▸ Exercise
Within the listing below, give again exactly the lines between the one containing "комерційна за адресою" and the one containing "Beautiful single-story home", inclusive, pictures left aside.

▸ Records supplied
-=-=-=-=-

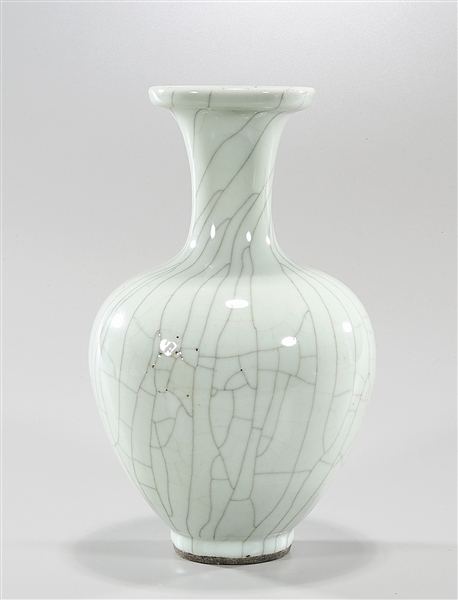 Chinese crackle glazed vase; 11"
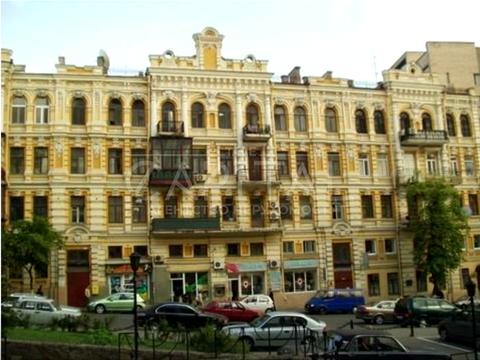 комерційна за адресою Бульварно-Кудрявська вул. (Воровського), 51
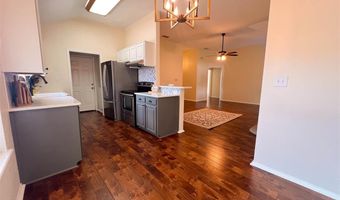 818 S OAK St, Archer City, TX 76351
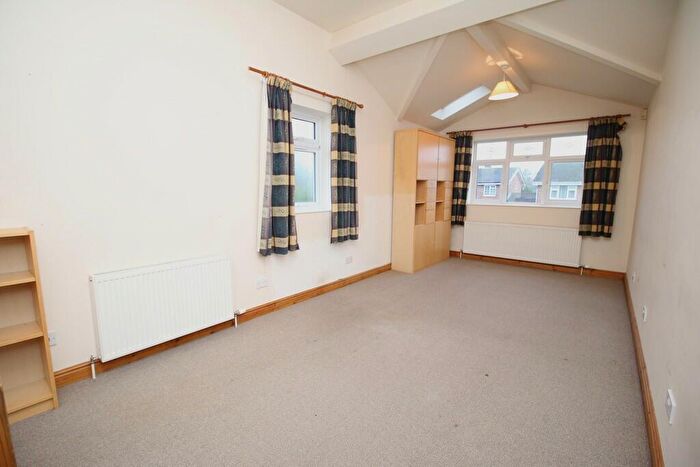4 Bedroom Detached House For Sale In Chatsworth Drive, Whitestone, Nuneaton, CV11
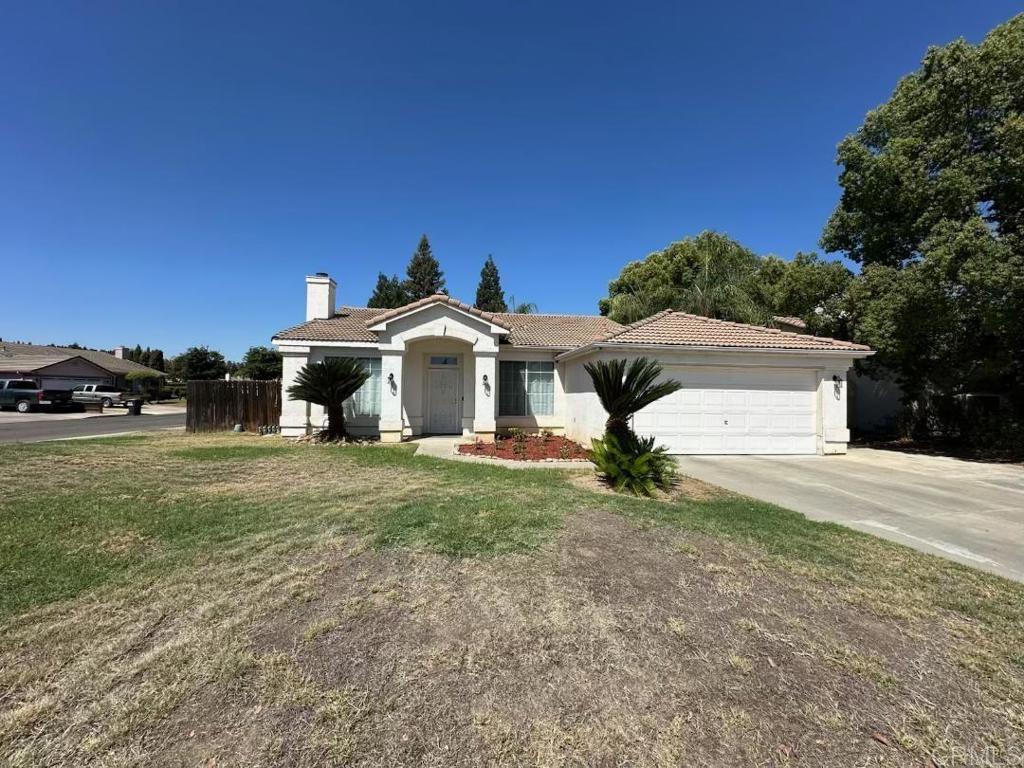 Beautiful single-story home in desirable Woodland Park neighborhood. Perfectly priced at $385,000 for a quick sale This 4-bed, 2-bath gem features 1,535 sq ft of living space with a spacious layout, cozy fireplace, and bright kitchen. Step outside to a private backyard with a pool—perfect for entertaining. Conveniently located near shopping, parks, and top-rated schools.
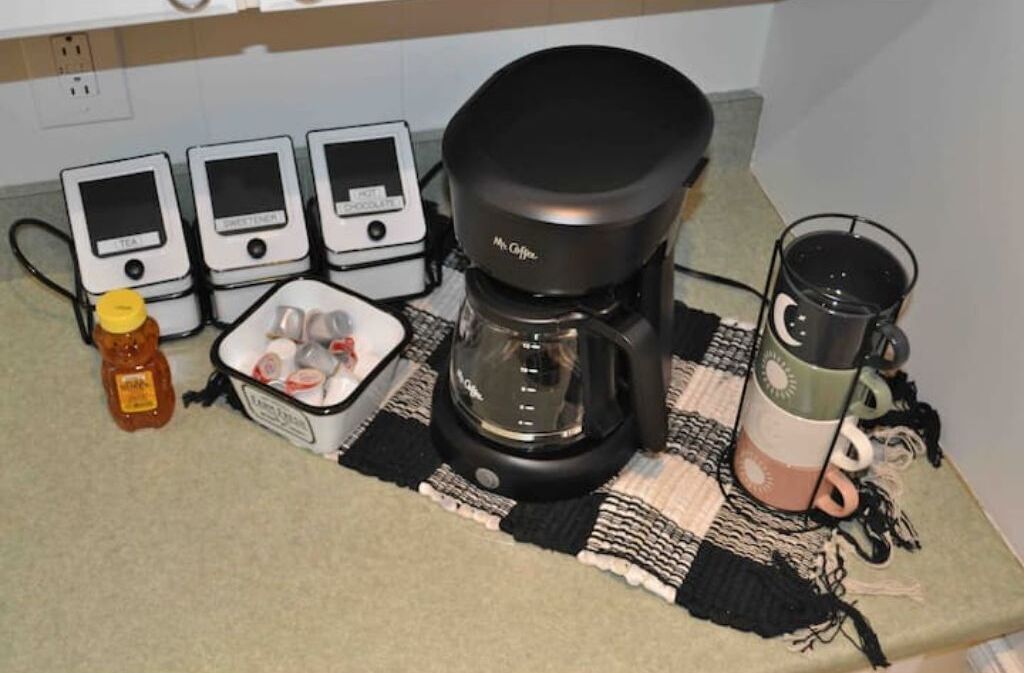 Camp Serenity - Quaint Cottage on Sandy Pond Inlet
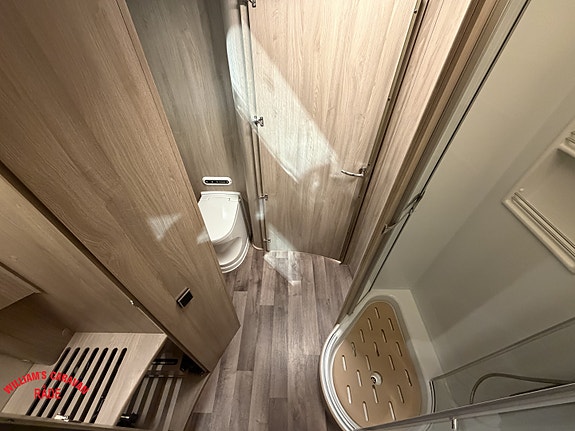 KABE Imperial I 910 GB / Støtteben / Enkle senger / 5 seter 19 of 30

-=-=-=-=-

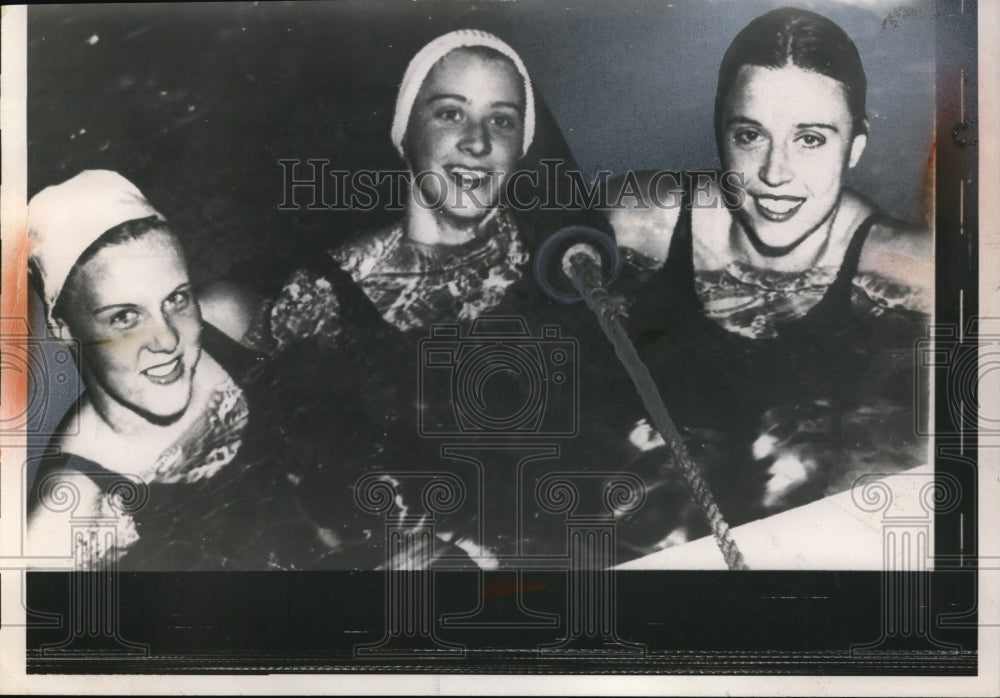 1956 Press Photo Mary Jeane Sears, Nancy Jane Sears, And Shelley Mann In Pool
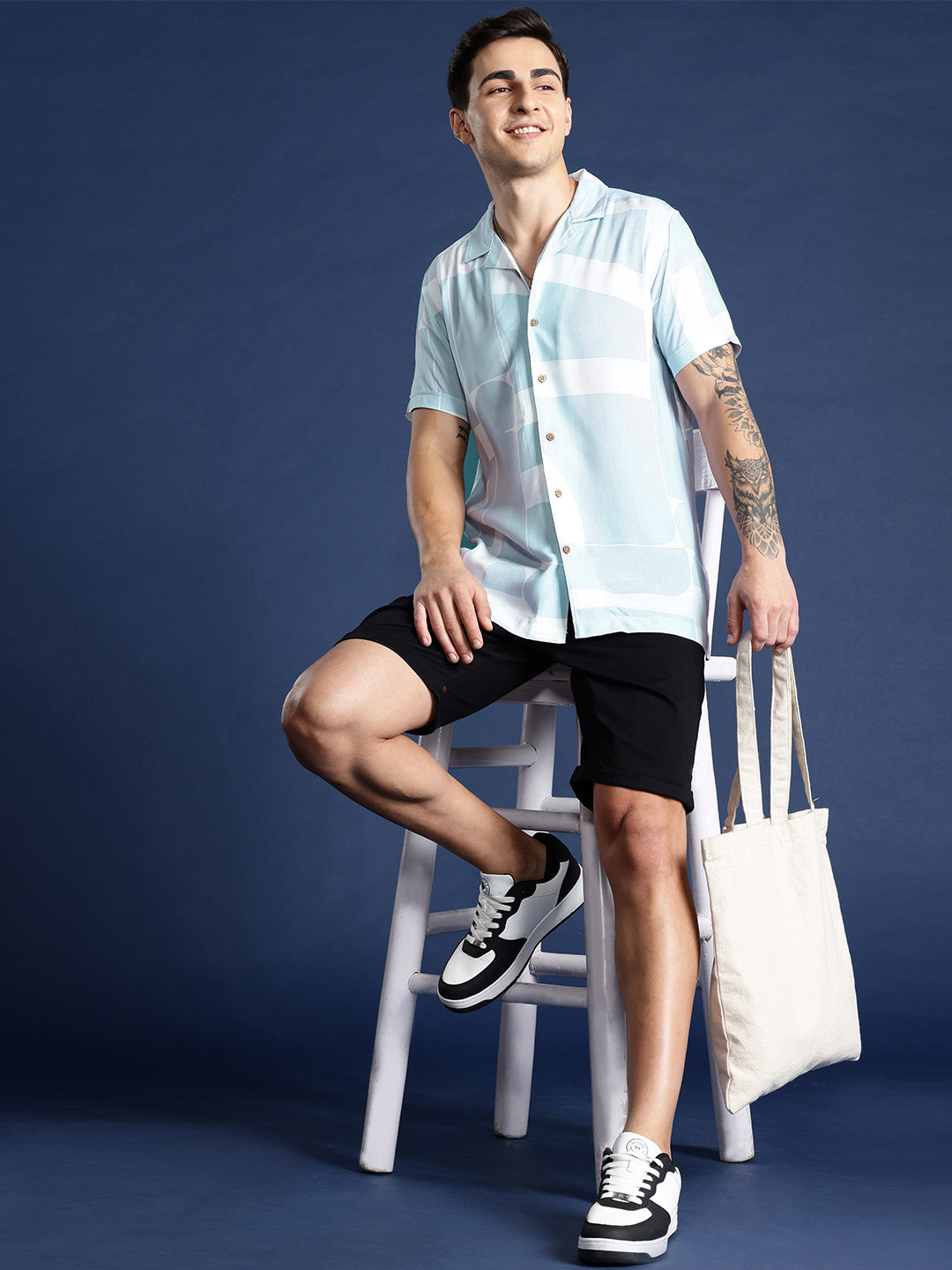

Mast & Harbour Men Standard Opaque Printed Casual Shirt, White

-=-=-=-=-

▸ Answer to this exercise
 комерційна за адресою Бульварно-Кудрявська вул. (Воровського), 51
 818 S OAK St, Archer City, TX 76351
4 Bedroom Detached House For Sale In Chatsworth Drive, Whitestone, Nuneaton, CV11
 Beautiful single-story home in desirable Woodland Park neighborhood. Perfectly priced at $385,000 for a quick sale This 4-bed, 2-bath gem features 1,535 sq ft of living space with a spacious layout, cozy fireplace, and bright kitchen. Step outside to a private backyard with a pool—perfect for entertaining. Conveniently located near shopping, parks, and top-rated schools.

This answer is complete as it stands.